Segment Open
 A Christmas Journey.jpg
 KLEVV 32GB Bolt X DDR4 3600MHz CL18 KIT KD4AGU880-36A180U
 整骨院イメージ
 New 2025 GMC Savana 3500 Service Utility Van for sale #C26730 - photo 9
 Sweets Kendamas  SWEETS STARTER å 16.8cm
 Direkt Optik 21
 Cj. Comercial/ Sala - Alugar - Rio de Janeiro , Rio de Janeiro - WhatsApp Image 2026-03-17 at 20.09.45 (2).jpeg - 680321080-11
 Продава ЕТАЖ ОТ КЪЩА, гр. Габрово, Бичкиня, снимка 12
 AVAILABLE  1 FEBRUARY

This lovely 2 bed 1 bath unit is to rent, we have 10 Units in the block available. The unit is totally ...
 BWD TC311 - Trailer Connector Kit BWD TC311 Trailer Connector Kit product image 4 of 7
Segment Closed
Segment Open
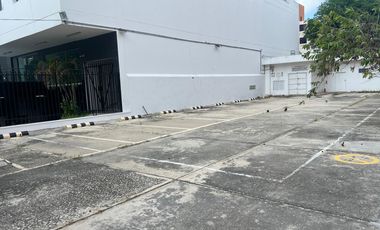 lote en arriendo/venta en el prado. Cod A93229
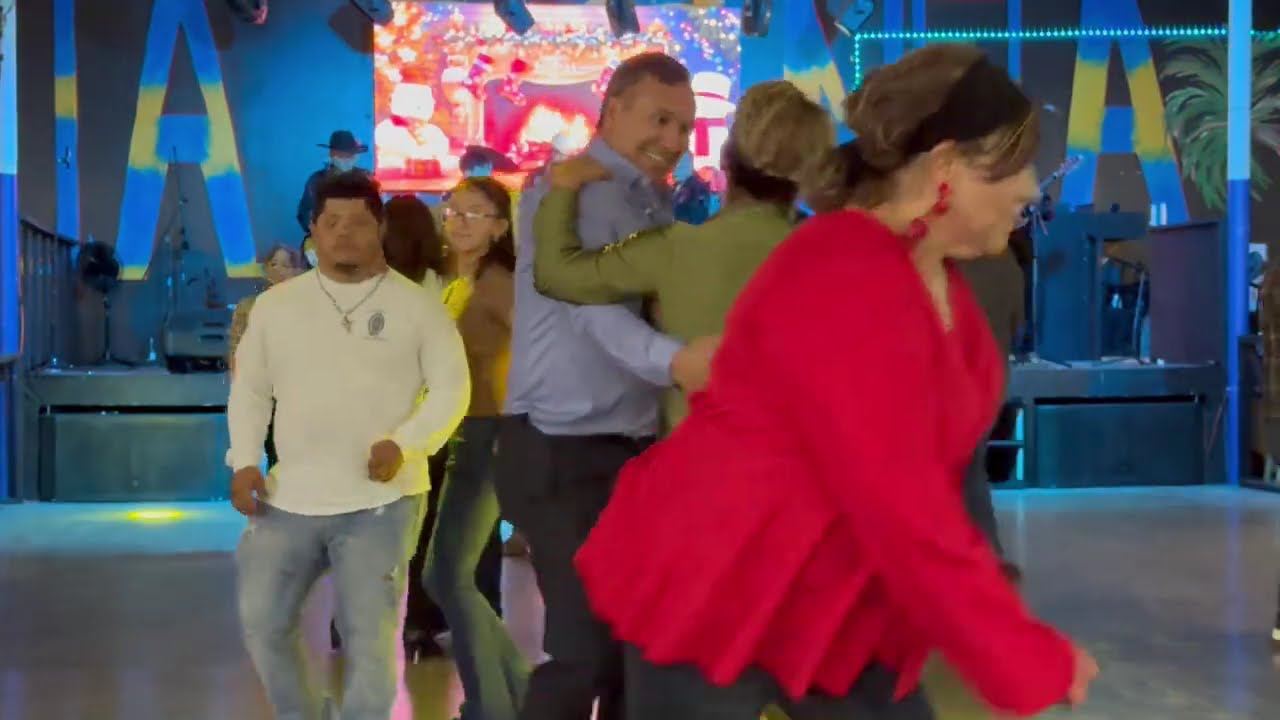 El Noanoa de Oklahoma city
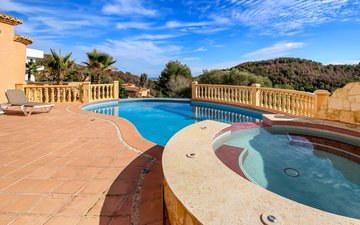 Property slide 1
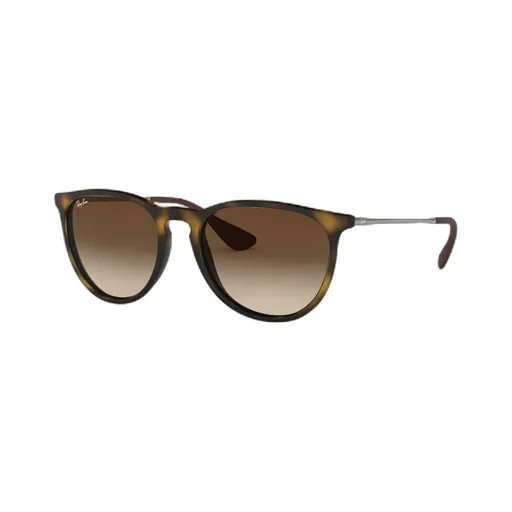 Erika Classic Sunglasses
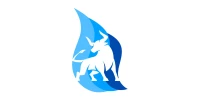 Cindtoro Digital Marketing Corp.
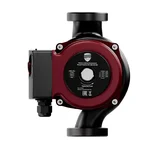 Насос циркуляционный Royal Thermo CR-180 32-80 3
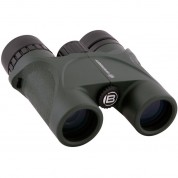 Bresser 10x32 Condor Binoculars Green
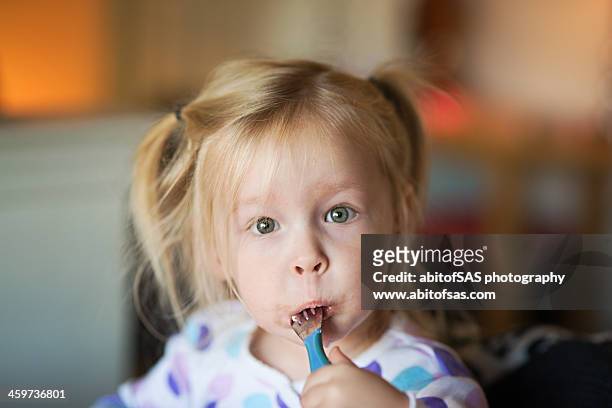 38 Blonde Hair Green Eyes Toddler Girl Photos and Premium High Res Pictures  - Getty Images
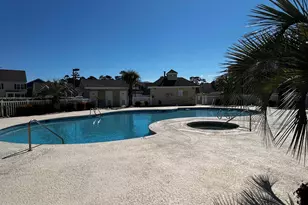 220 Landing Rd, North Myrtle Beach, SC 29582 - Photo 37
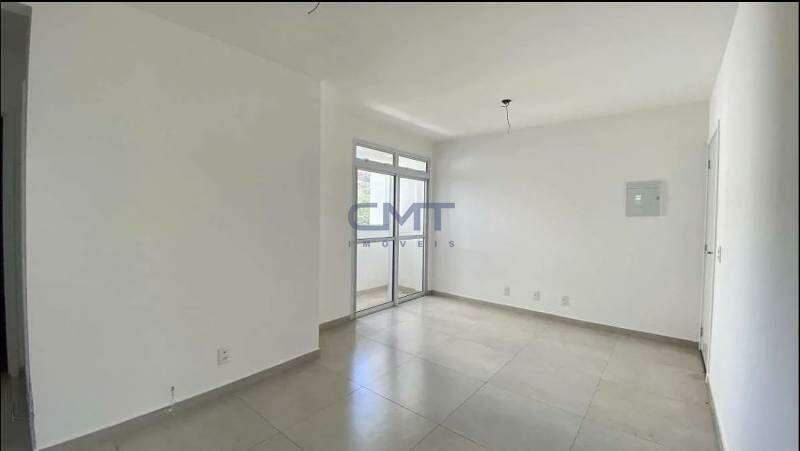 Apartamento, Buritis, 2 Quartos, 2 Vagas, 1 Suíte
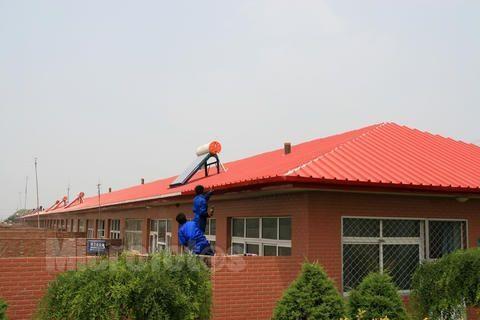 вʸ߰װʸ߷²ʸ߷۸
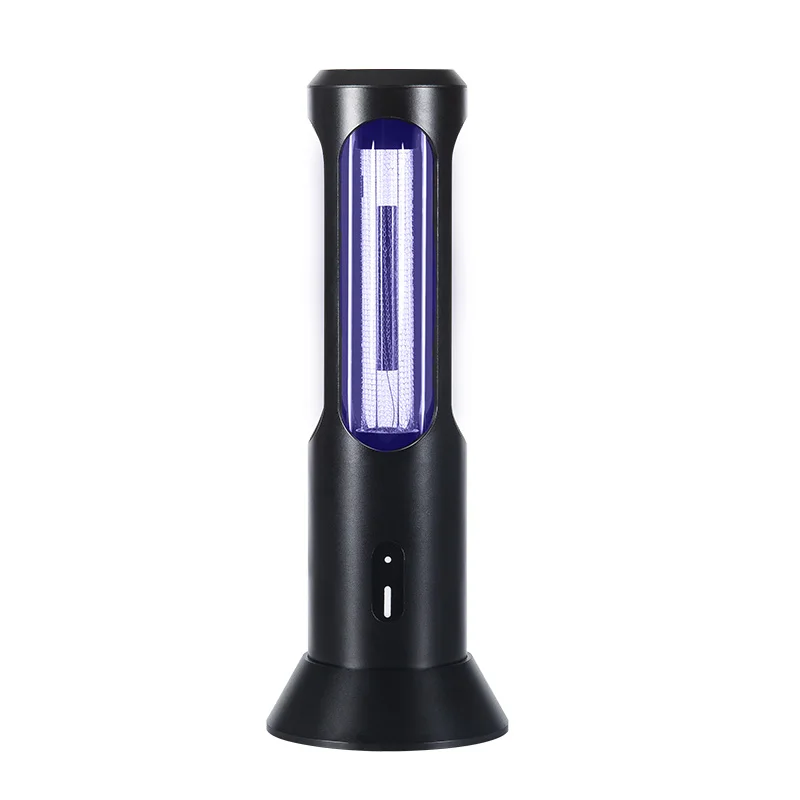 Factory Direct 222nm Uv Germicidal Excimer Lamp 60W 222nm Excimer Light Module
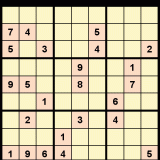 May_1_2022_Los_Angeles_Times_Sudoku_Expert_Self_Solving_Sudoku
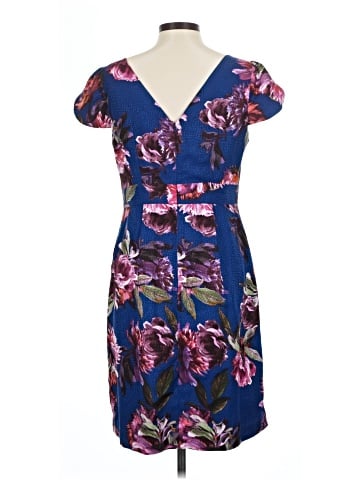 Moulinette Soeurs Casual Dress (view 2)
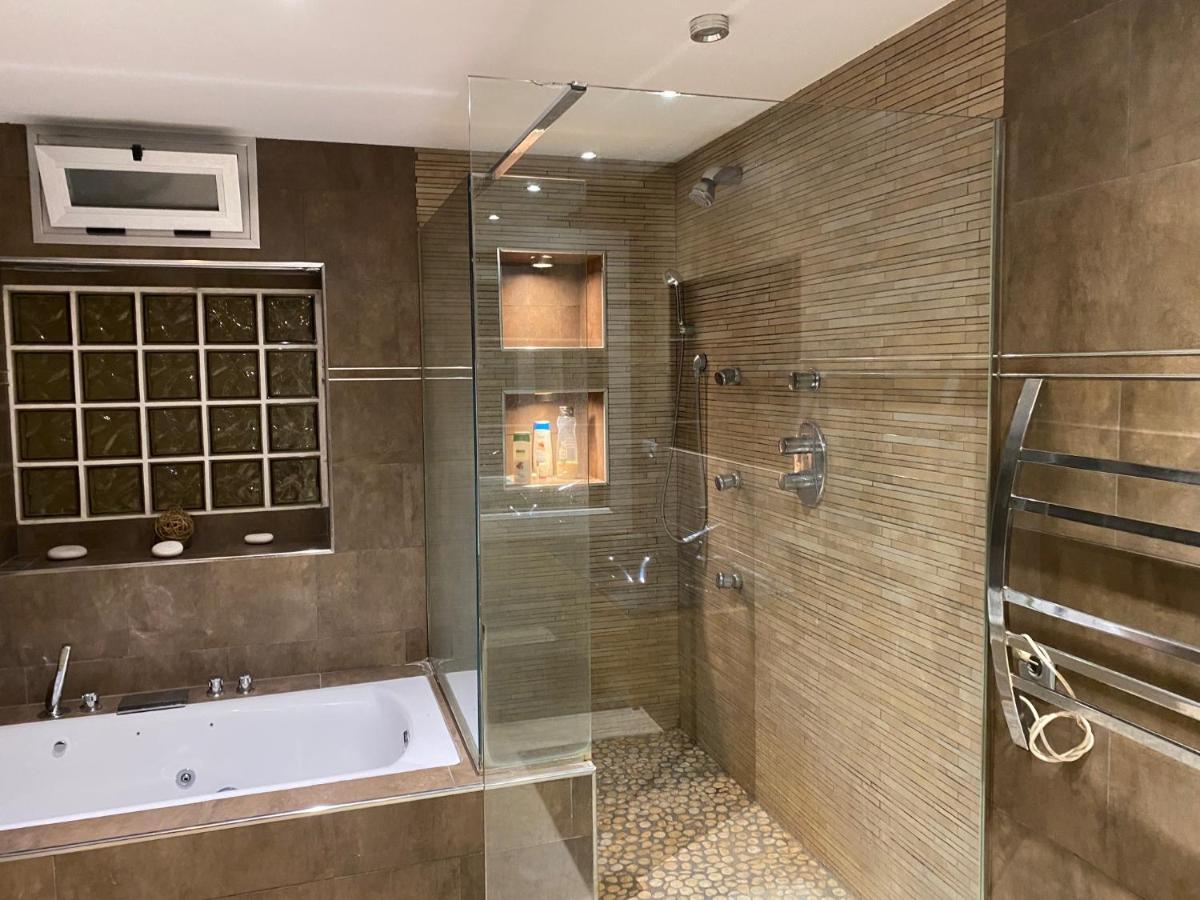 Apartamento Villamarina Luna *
Segment Closed
- **EXERCISE DESCRIPTION**
Among the entries above, copy exactly the stretch from the line holding "Property slide 1" through the line holding "Apartamento Villamarina Luna *", leaving out any pictures.

- **WRITTEN ANSWER**
 Property slide 1
 Erika Classic Sunglasses
 Cindtoro Digital Marketing Corp.
 Насос циркуляционный Royal Thermo CR-180 32-80 3
 Bresser 10x32 Condor Binoculars Green
 38 Blonde Hair Green Eyes Toddler Girl Photos and Premium High Res Pictures  - Getty Images
 220 Landing Rd, North Myrtle Beach, SC 29582 - Photo 37
 Apartamento, Buritis, 2 Quartos, 2 Vagas, 1 Suíte
 вʸ߰װʸ߷²ʸ߷۸
 Factory Direct 222nm Uv Germicidal Excimer Lamp 60W 222nm Excimer Light Module
 May_1_2022_Los_Angeles_Times_Sudoku_Expert_Self_Solving_Sudoku
 Moulinette Soeurs Casual Dress (view 2)
 Apartamento Villamarina Luna *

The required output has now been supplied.